*The problem*
The expected answer is the data below, printed verbatim without its pictures.

*Provided data*
+---+
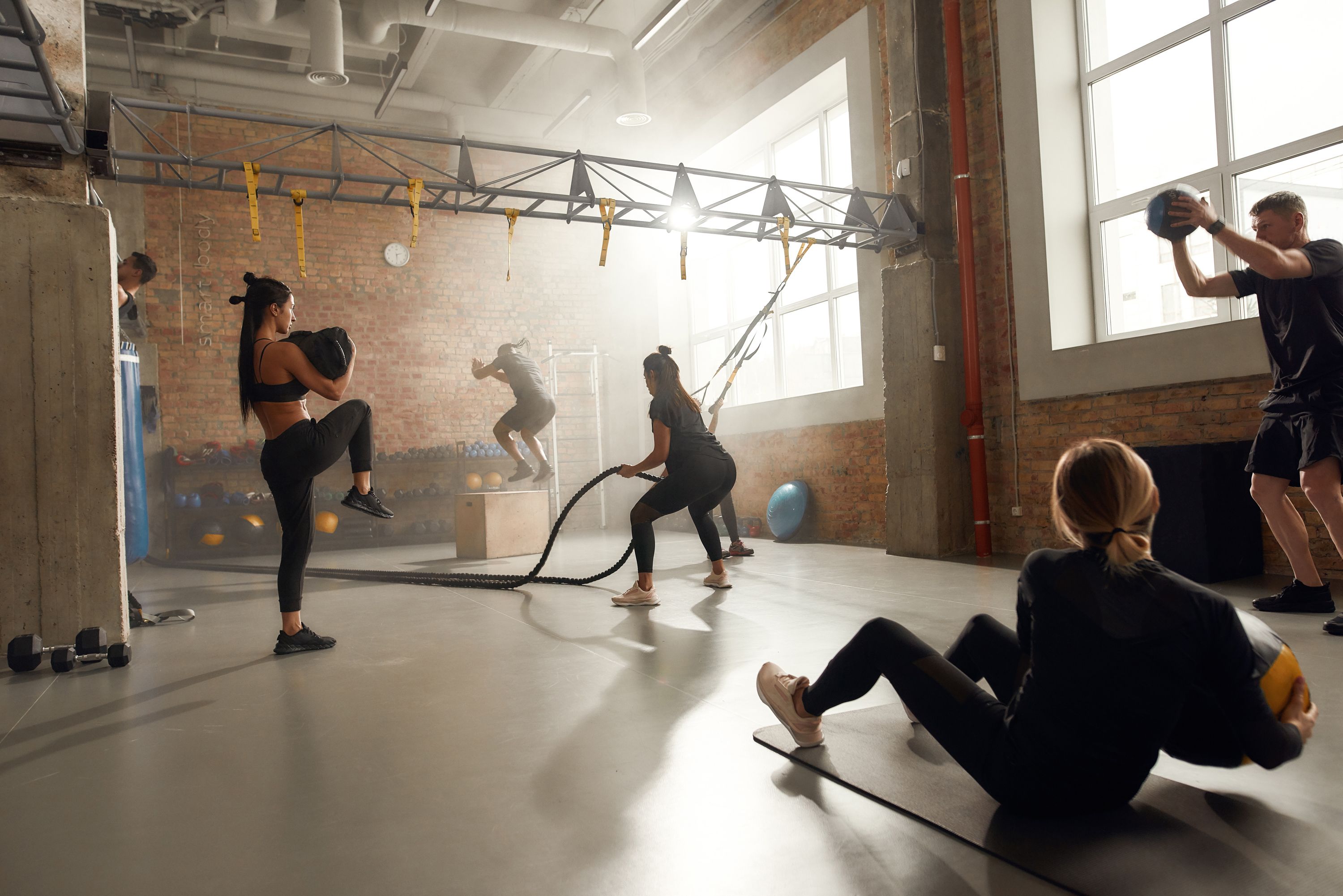 Circuit Training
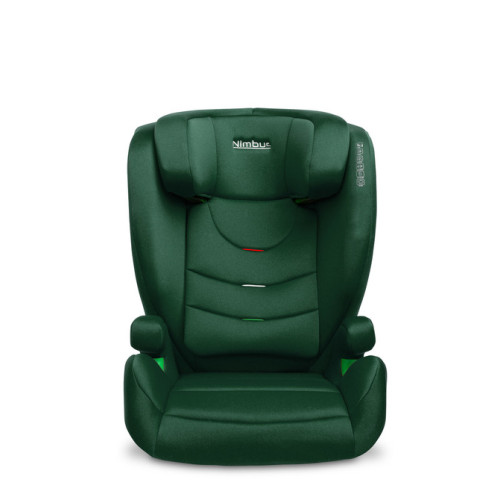 Autosedačka Nimbus I-Size pre deti 100 - 150cm (4-12 rokov), isofix, tm. zelená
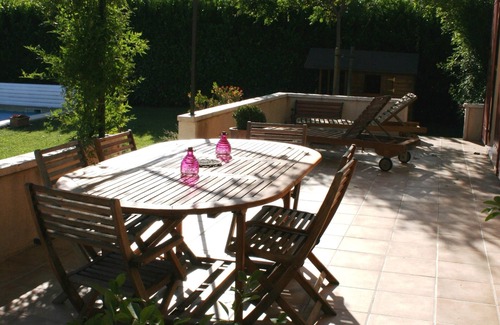 Rognonas Villa | Provencal villa with pool between Avignon and St Remy de Provence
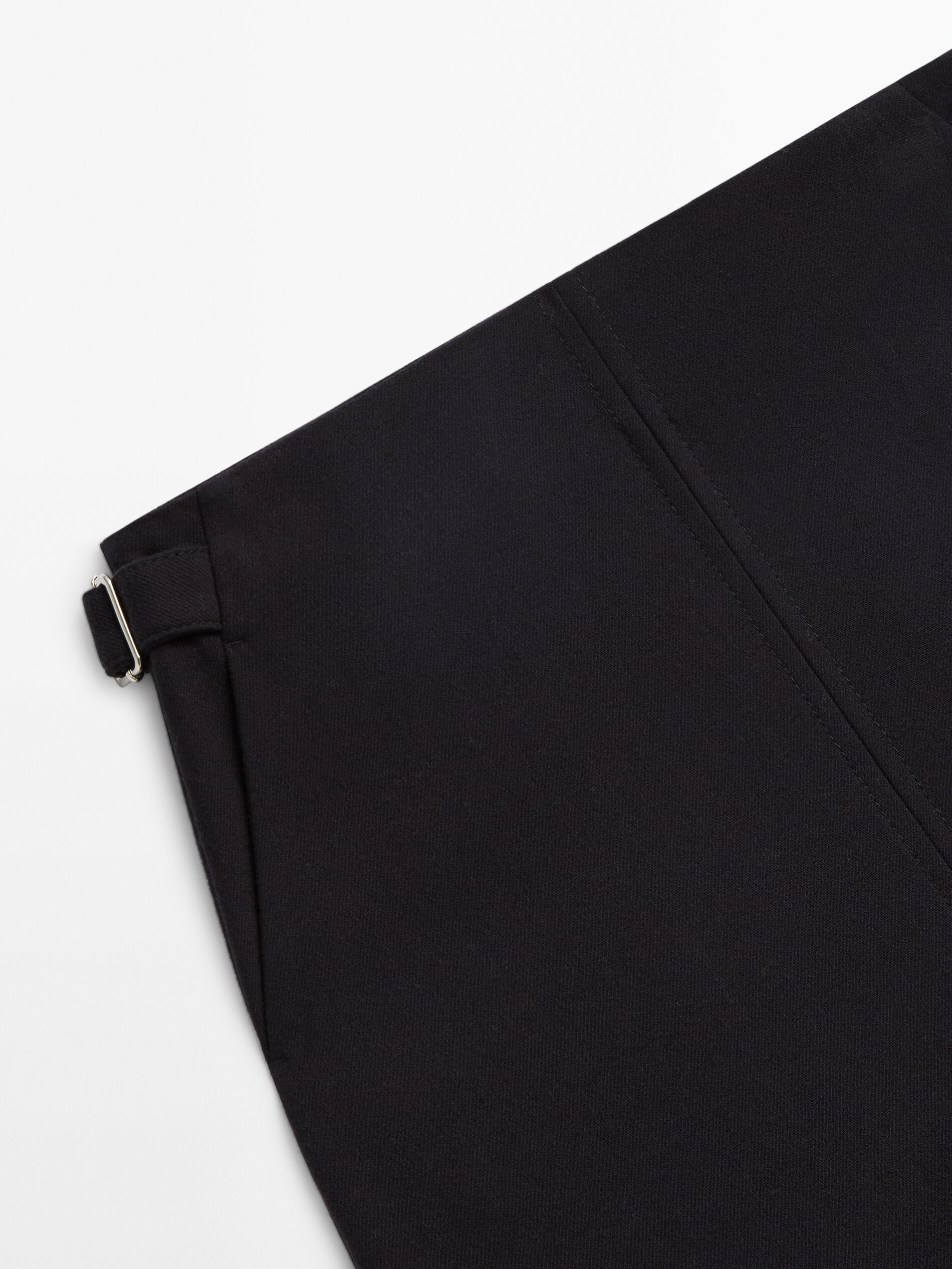 Jupe plissée massimo dutti store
+---+
*Output for this task*
 Circuit Training
 Autosedačka Nimbus I-Size pre deti 100 - 150cm (4-12 rokov), isofix, tm. zelená
 Rognonas Villa | Provencal villa with pool between Avignon and St Remy de Provence
 Jupe plissée massimo dutti store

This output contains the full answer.